═════ RECORDS FOR THIS TASK

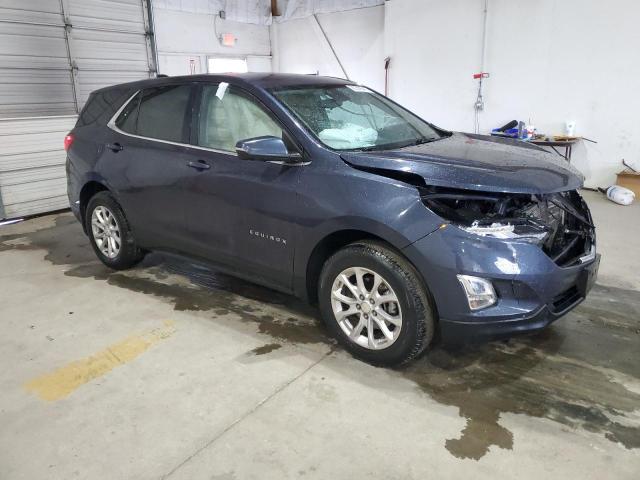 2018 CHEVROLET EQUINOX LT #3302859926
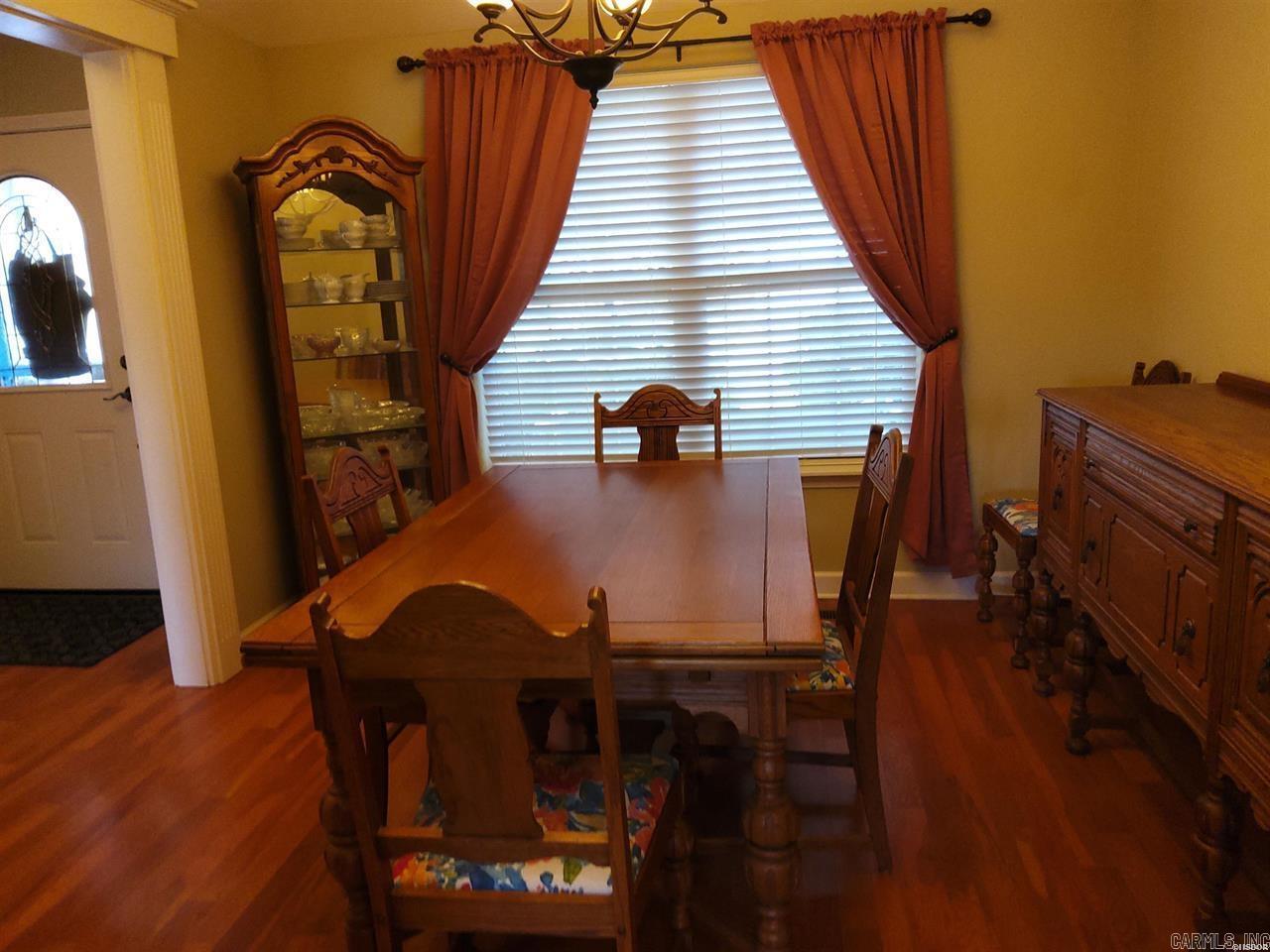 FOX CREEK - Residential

══════════
═════ RECORDS FOR THIS TASK

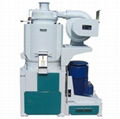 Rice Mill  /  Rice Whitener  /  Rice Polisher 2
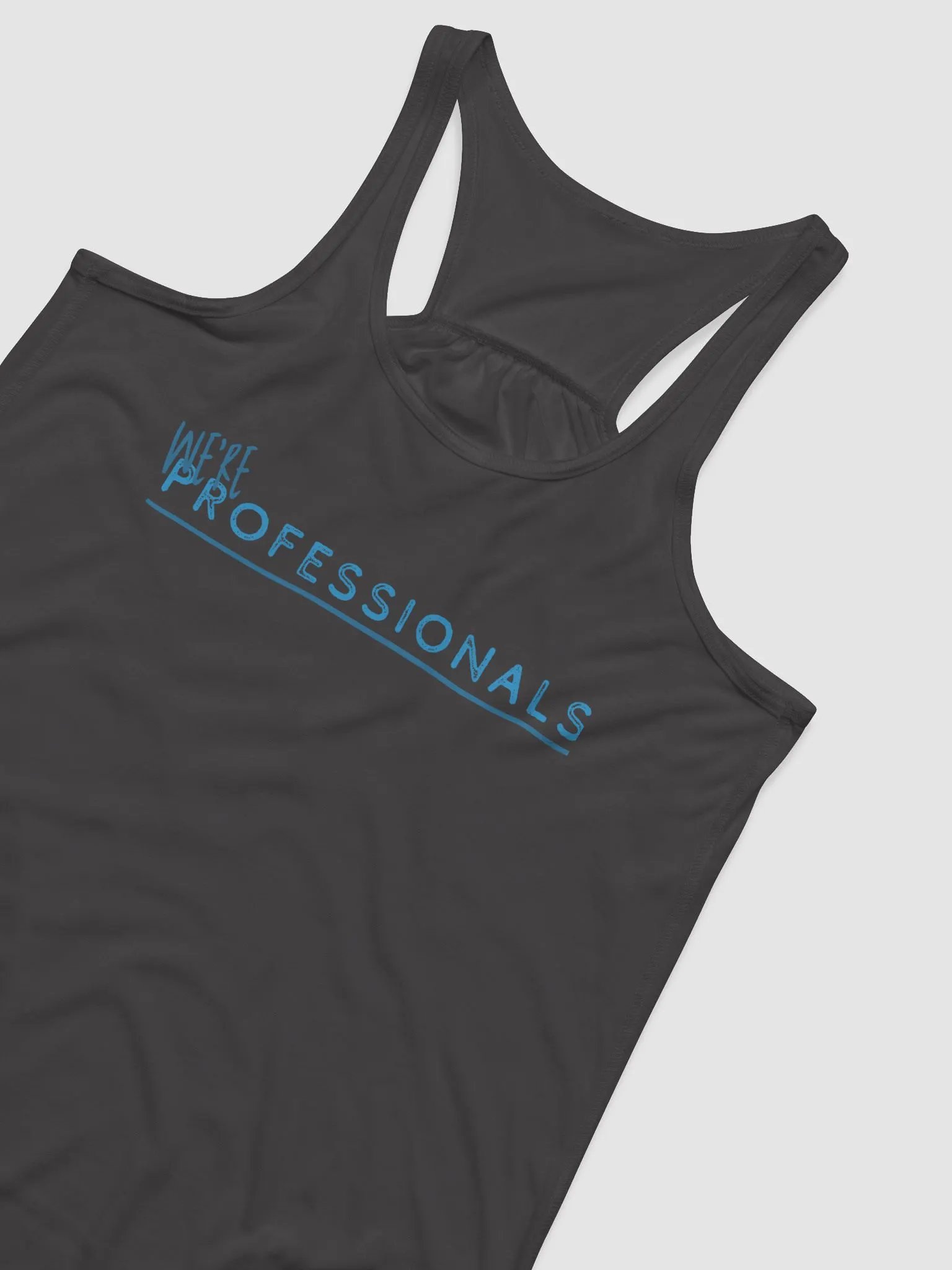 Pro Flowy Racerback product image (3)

══════════
═════ RECORDS FOR THIS TASK

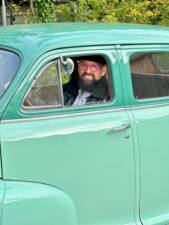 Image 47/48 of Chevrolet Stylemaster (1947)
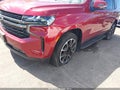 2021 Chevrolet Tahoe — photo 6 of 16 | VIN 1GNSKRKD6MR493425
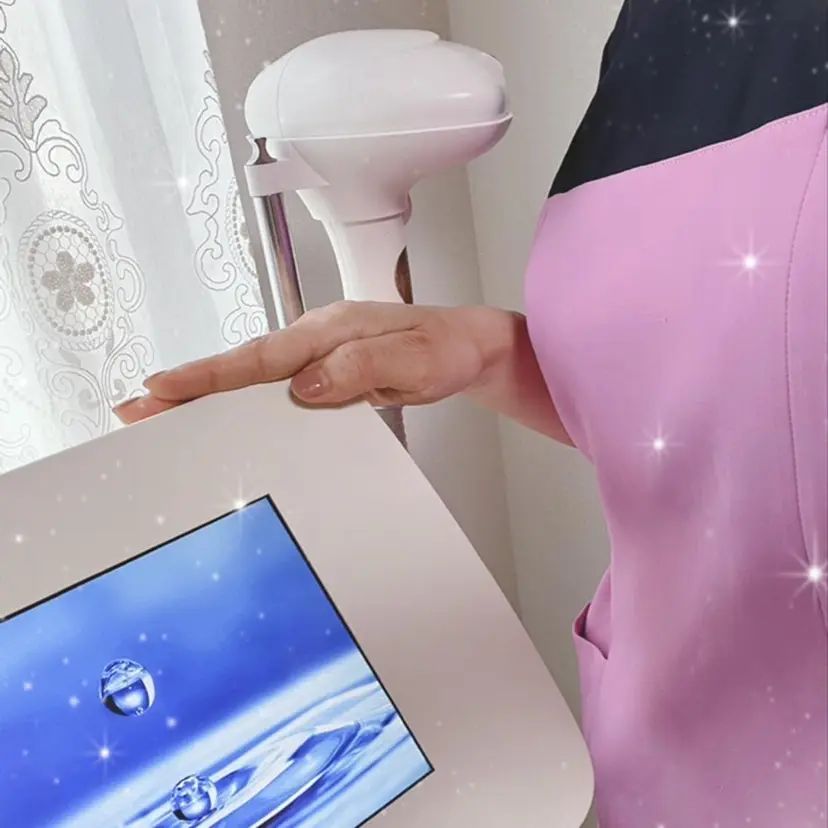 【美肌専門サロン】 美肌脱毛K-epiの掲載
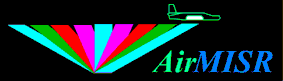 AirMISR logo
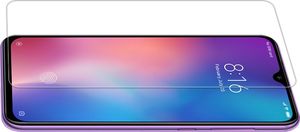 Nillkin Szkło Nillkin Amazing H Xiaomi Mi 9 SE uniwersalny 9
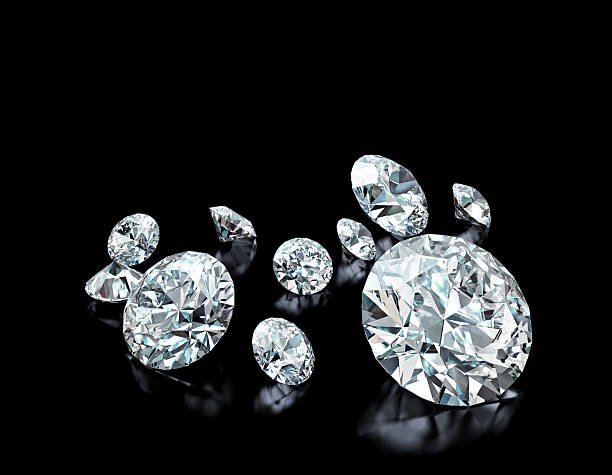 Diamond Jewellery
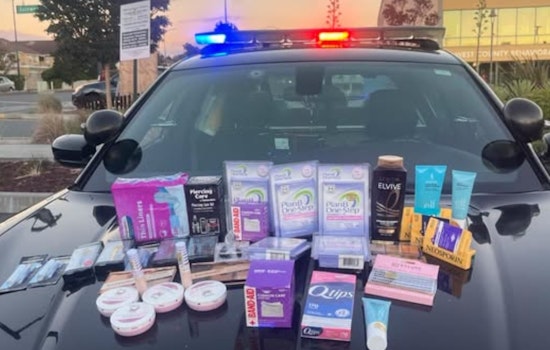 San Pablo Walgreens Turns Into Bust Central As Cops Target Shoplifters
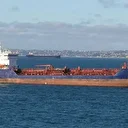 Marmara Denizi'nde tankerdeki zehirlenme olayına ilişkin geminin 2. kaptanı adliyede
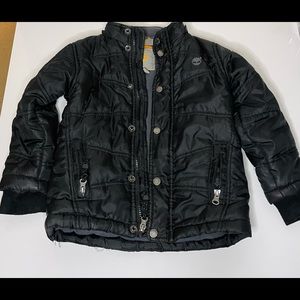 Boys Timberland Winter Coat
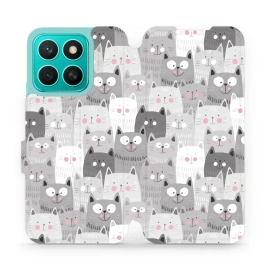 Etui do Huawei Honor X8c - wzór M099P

══════════

_PROBLEM STATEMENT_
Each line above from the one containing "2018 CHEVROLET EQUINOX LT #3302859926" through the one containing "FOX CREEK - Residential" is to be returned verbatim. Nothing else, and no pictures.

_SOLUTION TO THIS EXERCISE_
 2018 CHEVROLET EQUINOX LT #3302859926
 FOX CREEK - Residential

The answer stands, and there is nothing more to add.